Quote (ampoo @ Mar 18 2016 08:43am)
ye sure the world will end if they leave the EU, there was healthy trade before and there will always be
repeating bullshit will not make it true
will be history soon anyway, queen merkel is seeing to that
irvine please
Even a tiny reduction in trade would cause hugely negative effects for our economy. Maybe 95% of trade will continue happily and the remaining 5% of UK businesses get screwed. Not worth leaving just because your leader is on a power trip
Quote (WNxIrvine @ Mar 18 2016 09:01am)
That wasn't one of my points but since you're interested in the money I'd say we could potentially make an agreement closer to what Canada are discussing. I'd say that putting our economy into the same bracket of pulling power as Norway and Switzerland is, at best, mildly insulting.
No one is saying that a "brexit" would be easy, or wouldn't, at least temporarily, harm the UK economy. But I firmly believe, along with people much smarter than you or I, that the eu is heading for trouble, and we could end up a lot better off being on the outside looking in.
You're overestimating our bargaining power, the EU is made up of 27 other countries that receive a fraction of their total trade from Britain, whereas we export over 50% of our goods to the EU. Negotiations with a country outside the EU would not have the free movement of people clause in it for obvious geographical reasons.

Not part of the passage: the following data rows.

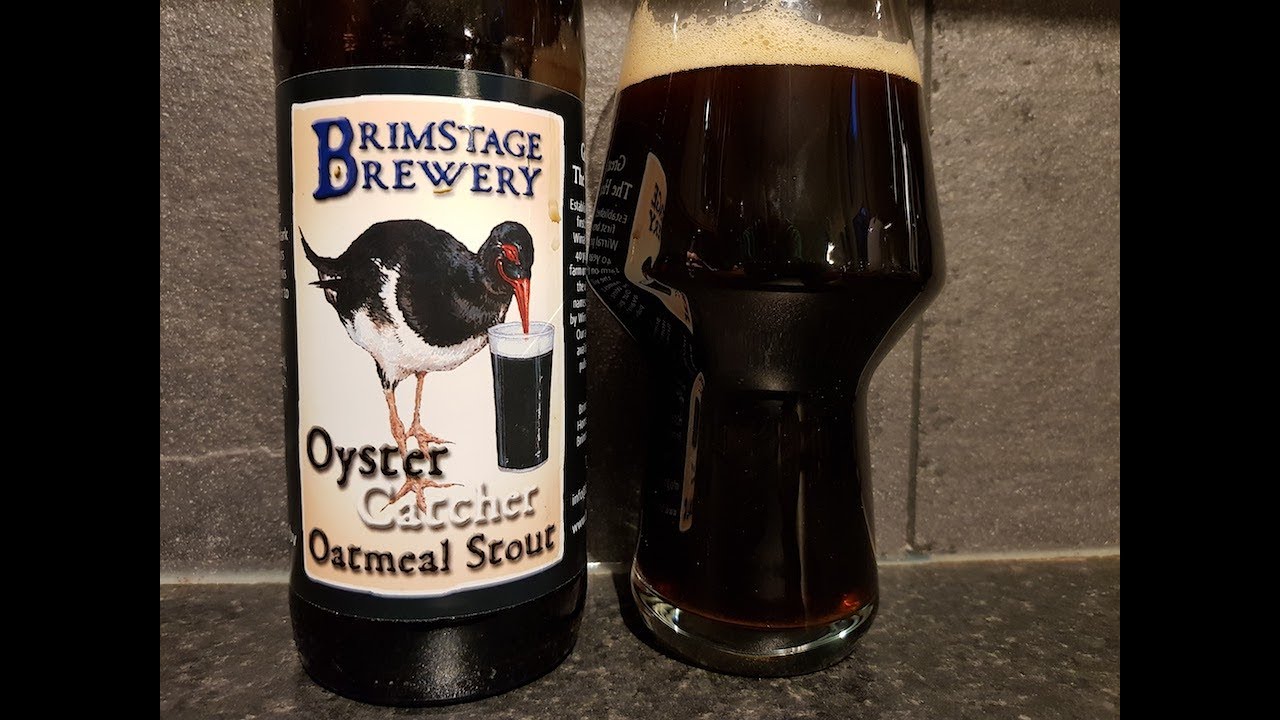 Brimstage Brewery Oyster Catcher Oatmeal Stout British Craft Beer
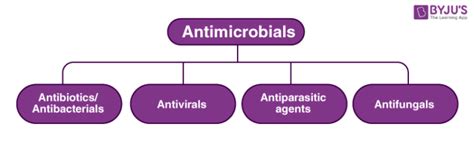 What Are Antimicrobial Agents Definition Types With Examples And Videos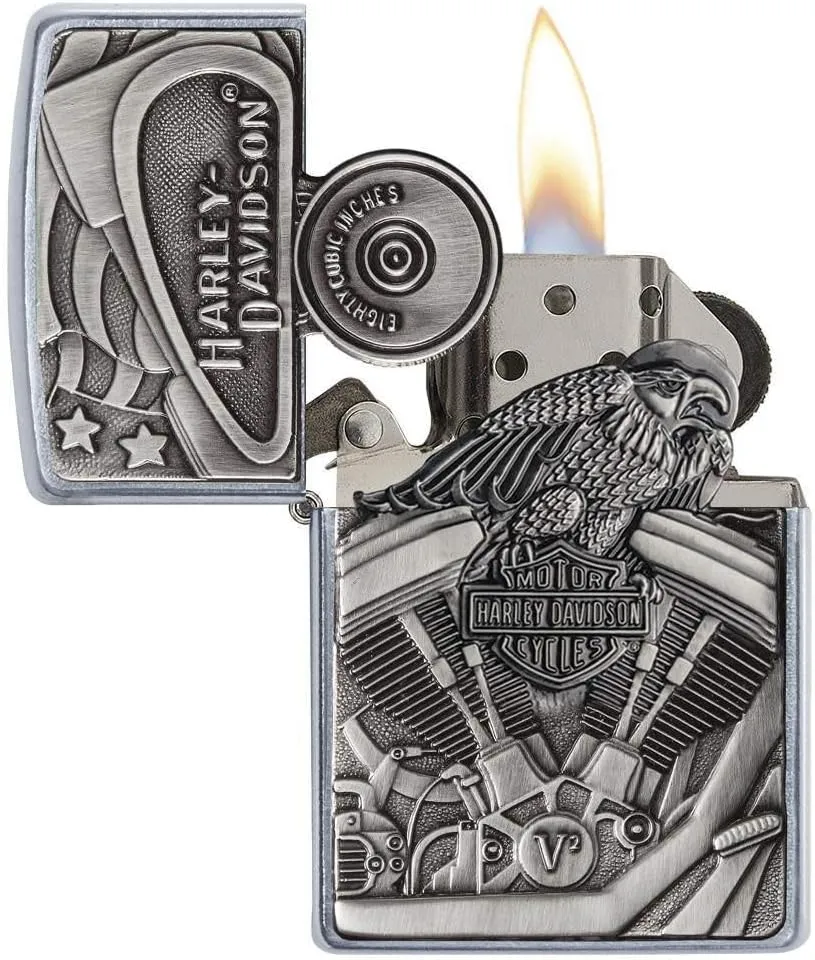 Zippo Harley-Davidson Motorcycle Lighters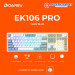 Bàn phím cơ DareU EK106 Pro Haze Blue Cloud Switch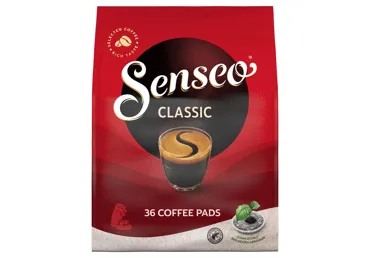 Kohvipadjad Classic SENSEO 36x6,94g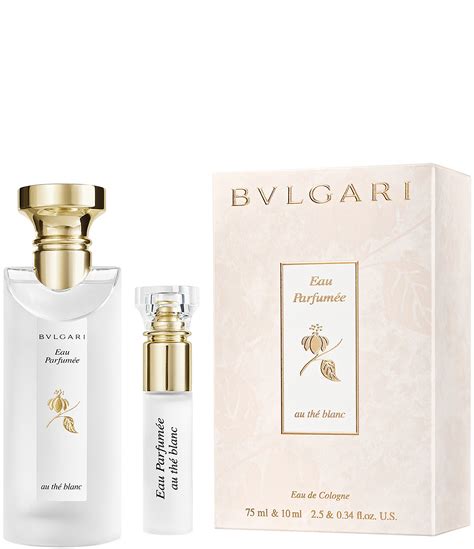 Bvlgari Eau Parfumee au the blanc Eau de Cologne Gift Set | Dillard's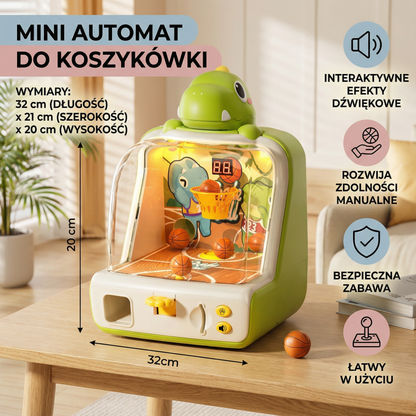 Mini Automat do koszykówki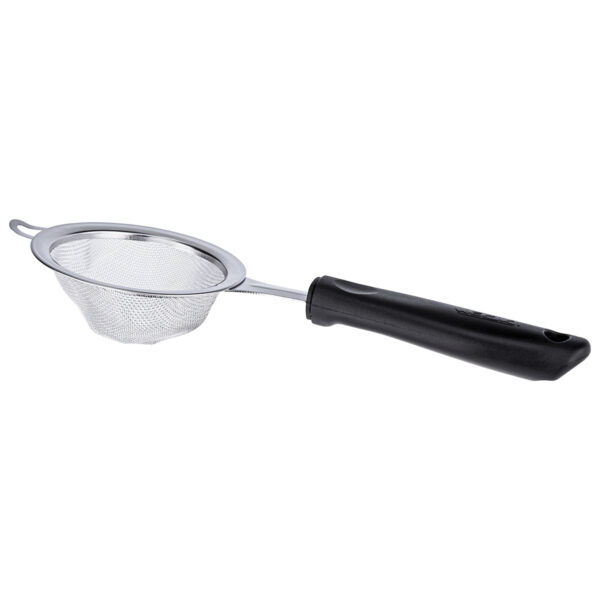 Peneira de Aço Inox 9cm cabo Preto WECK - Imagem 4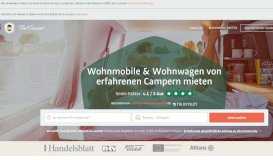 
							         PaulCamper - private Wohnmobil-Vermietung in Deutschland								  
							    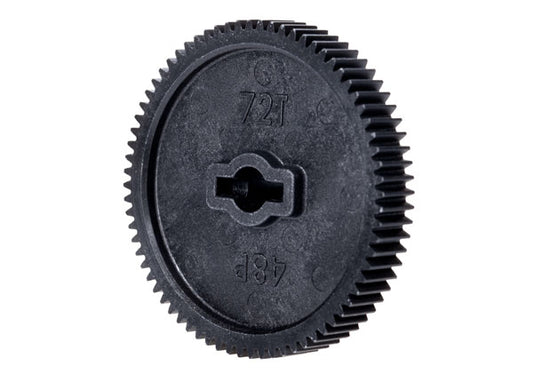 Spur gear, 72 tooth (48 pitch)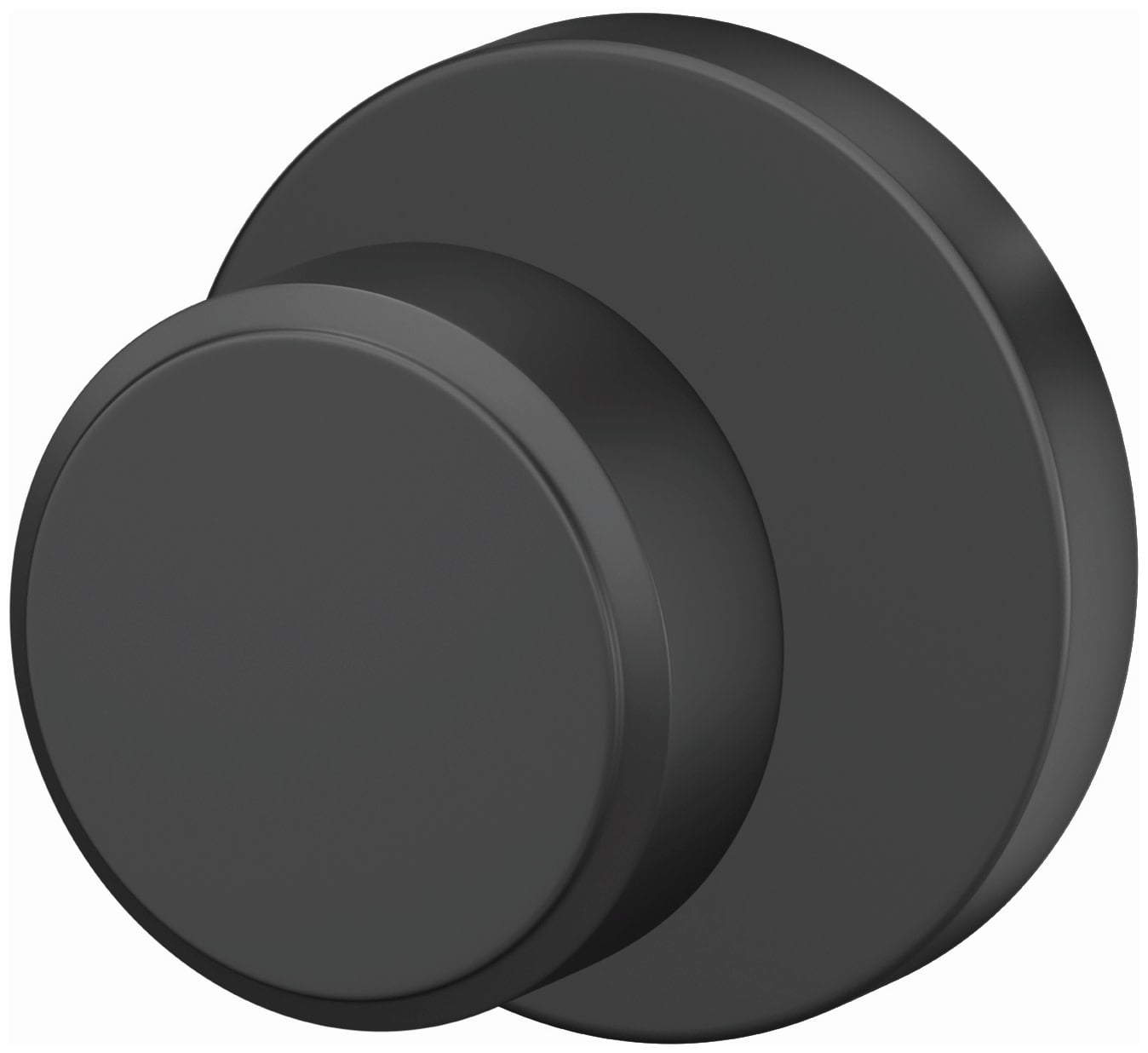 Schlage FC172SWA716HOW Custom Swanson Non-Turning Two-Sided Dummy Door Knob Set - Bronze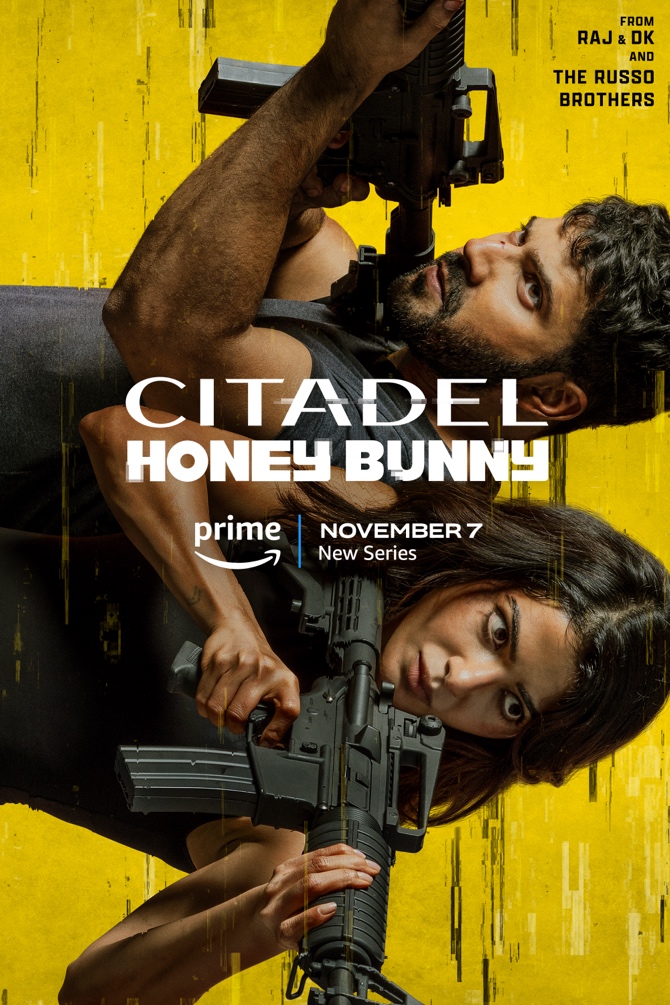 Prime Video Announces November 7 as the Global Premiere Date for Citadel: Honey Bunny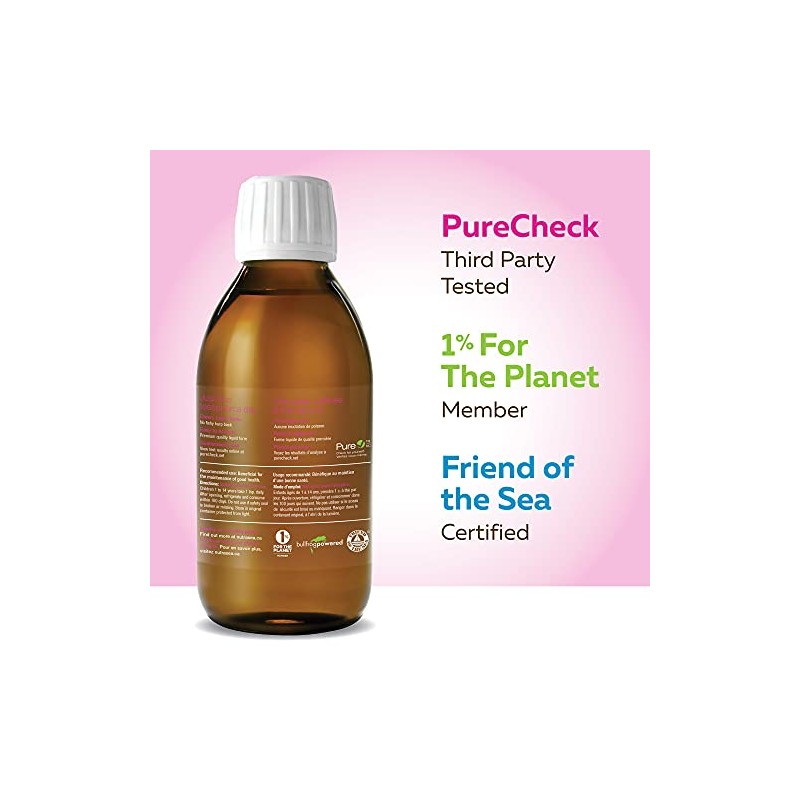 Natures Way NutraSea Kids Bubblegum 200 mL - Omega3 Lquido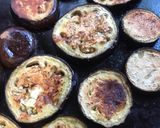 Foto del paso 2 de la receta: Ensalada de lentejas con berenjenas al horno y salsa pesto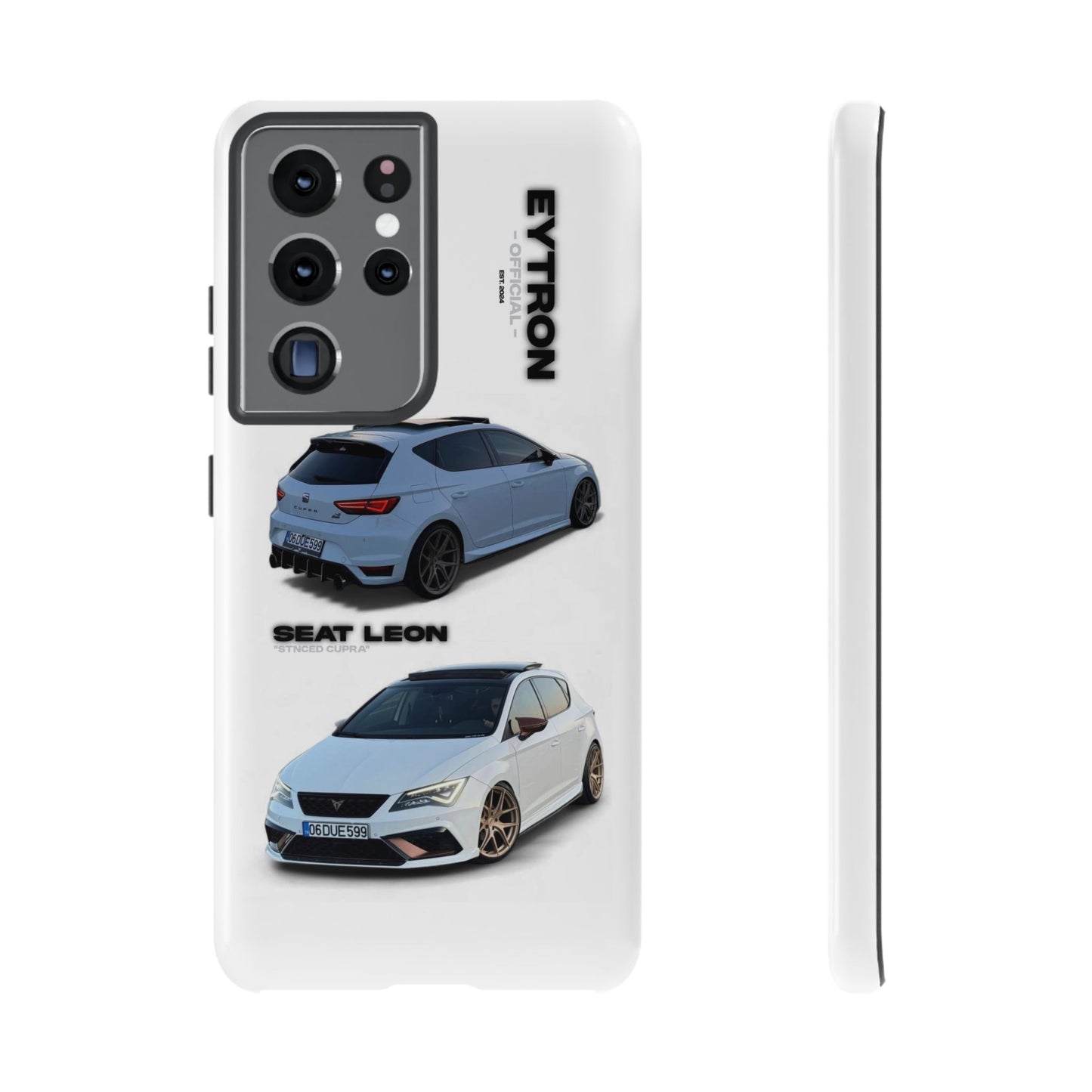 "Stnced Cupra" Sturdy Case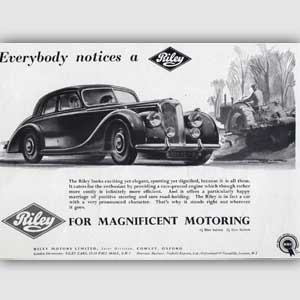 1953 Riley Motors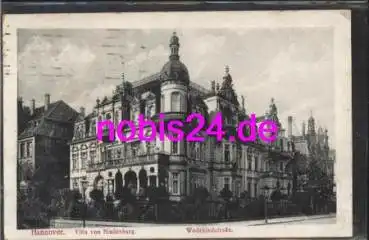 Hannover Villa Hindenburg o 29.3.1918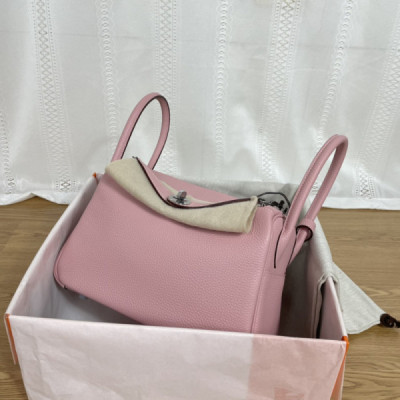 Hermes Lindy-TC Leather-26&30CM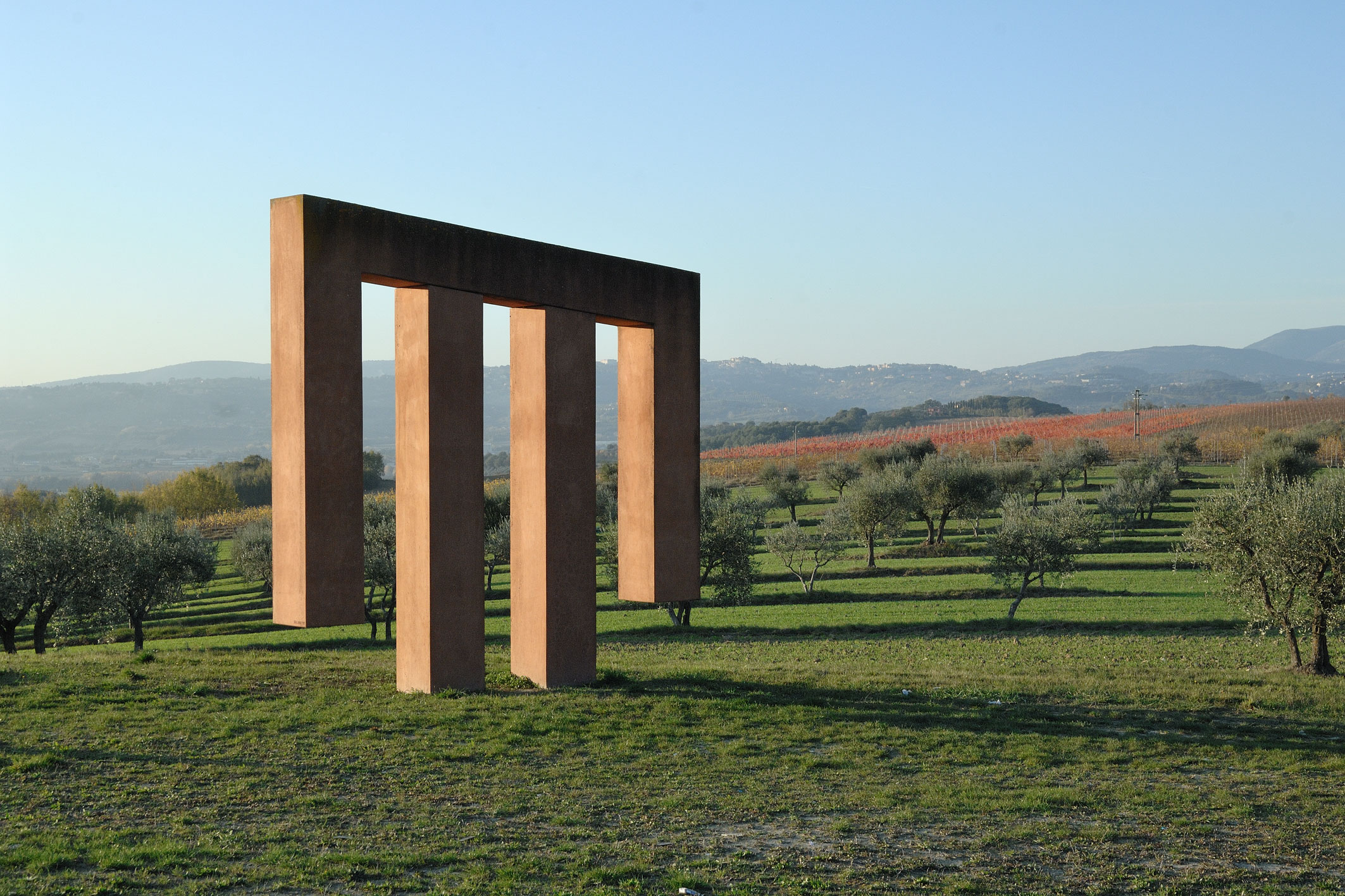 Parco di sculture di Brufa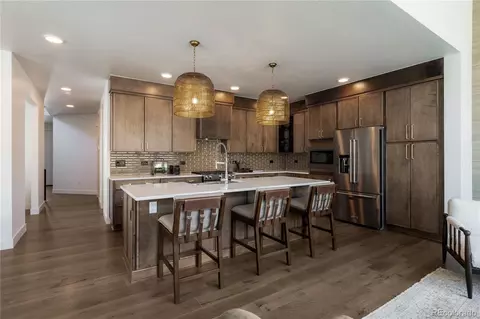 Kitchen - 4866 Noris Ave, Morrison, CO 80465 photo 8 of 9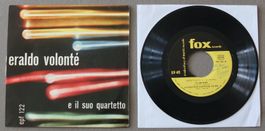 Single, 60's Jazz Italien, Eraldo Volonté e il suo quartetto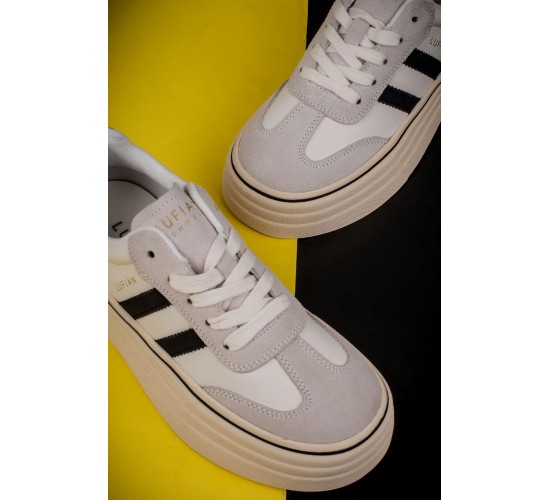 Beyaz Angela Kadın Kalın Taban Sneaker / Beden : 39 / Cinsiyet : Kadın / Kız Beyaz Angela Kadın Kalın Taban Sneaker / Beden : 39 / Cinsiyet : Kadın / Kız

I know you are aware of potentially negative effects of leaving, but maybe you're downplaying it. Is it worth a recession over?
"...All this leads some economists to expect that Brexit would have substantial consequences. Citigroup thinks the
cumulative effect will be to lower GDP growth by 4% over three years. Berenberg, the German bank, thinks that the hit to consumer and business confidence could even trigger a recession. Both Goldman Sachs and Marc Chandler, currency strategist at Brown Brothers Harriman, think the
pound could fall to $1.15-$1.20 in the face of capital flight. This would have an impact on inflation and monetary policy. While Eurosceptics may dismiss these concerns as scaremongering, most strategists seem to think the consequences of Brexit would be negative; that probably means more volatility as the referendum date approaches, particularly if the polls continue to be close."